We arranged for his shopping to be dropped at home after the incident, and are extremely sorry that this may have caused him distress.

One can view this statement as either:

1) An apology for the embarrassment caused to the customer when his neighbours realised that he was still shopping at Sainsbury’s. “Did you see that, our Ryan? What’s wrong with Waitrose – it’s good enough for us. He’s never been better than he should be, that Mr Trellis. And now he’s got the cheek to show off that bloody spider bite as well.” Sainsbury’s should at least have arranged to have his groceries placed in a Harrods’ bag prior to showing him up like that.

Or:

2) A paltry attempt at compensation. What will prompt Sainsbury’s to be more generous – a pensioner savaged by a pack of Coyotes in the baked bean aisle? A pre-school child contracting cholera in the organic yoghourt section? Gangs of marauding shelf-stackers randomly mugging pregnant mums in the shampoo section? “I am sorry, Mr Trellis, that you suffered a near-fatal accident as a result of our negligence, so we thought we would drop your shopping off for you. That will be £34.47 + £8.50 delivery (tip discretionary) – Are you saving your rewards?”

5 comments:

Anonymous said...

I see you finally have a pic of yourself up. It's nice to know that you're not so embarassed of how you look that you feel the need to hide it from your readers.

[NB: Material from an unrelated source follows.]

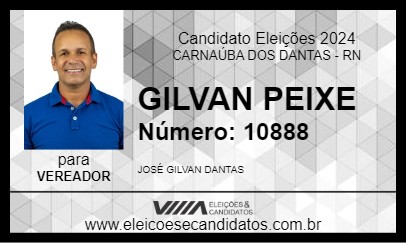 Candidato GILVAN PEIXE 2024 - CARNAÚBA DOS DANTAS - Eleições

By the way, I have enjoyed your delicious fried chicken for many years, and I had no idea that you had ever lived in Kentucky, Mr. Sanders. Or should I address you as "colonel?"

Vicus Scurra said...

Yes Adam.
The likeness is uncanny.
I think I should rename this journal "Kentucky Kaliyuga Kronicles".
The KKK would make you feel right at home.

Anonymous said...

Personally, its clear to me that that you should rename the journal "Kraggy Island Kaliyuga Kronicles" as you are obviously Father Jack.
Drink.
Arse.
Feck.
Girls.
Etc.
Feel free to pop by my blog and abuse me - even your North Welsh reader has deserted me....

Vicus Scurra said...

That would be an ecumenical matter.

Anonymous said...

Seriously, it was rumored that before I moved here the KKK used an abandoned sewage treatment plant near my house as a secret meeting place. The facility was turned into a park, and the rumor is that it was done in order to scare them away.

Since then, I don't know where they've gone. From the looks of this picture, I would guess that it's somewhere in Canada. That would at least explain the lack of racial diversity in ice hockey.